Wall Street has been feeling emasculated; new numbers show there’s more to it than just whining. State comptroller Tom DiNapoli reports this morning that financial industry profits fell by a staggering 50 percent in 2011, cash bonuses dropped by 14 percent, and that the city shed 4,300 Wall Street jobs between April and the end of last year. DiNapoli is projecting that 2011 bonuses will total $19.7 billion — an average of $121,150 per employee.
What’s interesting and somewhat more hopeful is that the impact on New York budgets seems to have stabilized. During the boom years, Wall Street contributed 20 percent of New York state’s tax revenues and 13 percent of the city’s. For 2011, it made up about 14 percent of state revenue and 7 percent of the city’s tax collections.

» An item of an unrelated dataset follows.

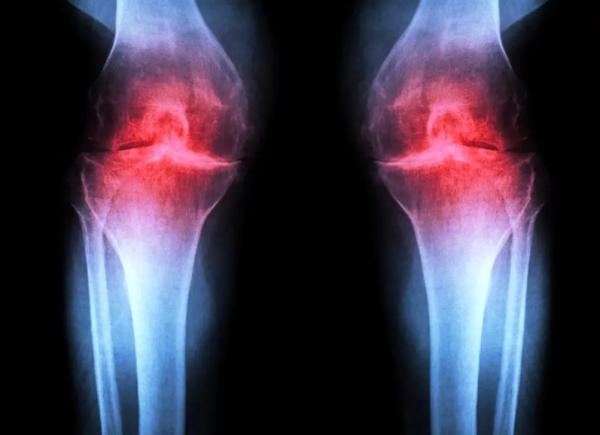 آرتروز,درمان آرتروز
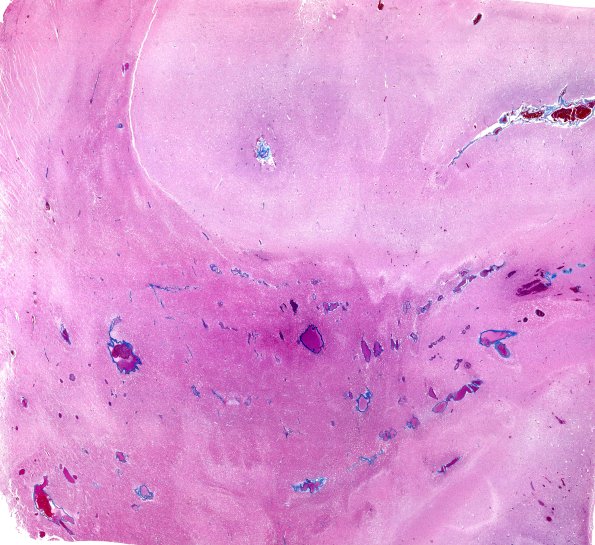 36D1 Case 36 A9 TRI WM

Yesterday, the Dow Jones finished above 13,000 for the first time since 2008, which is nice, but DiNapoli’s analysis makes it clear that the Wall Street generating those numbers is a very different place than it was four years ago. Among the changes that are still too hard to read is the shift toward deferred compensation, which may eventually fill some of the bonus shortfall.
Less cash from the financial industry means more public budget pain in the short run, but reducing government’s dependency on Wall Street was one aim of regulatory reforms like the Dodd-Frank Act. It seems to be working. Now all New York needs to do is find the industries that can pick up the slack.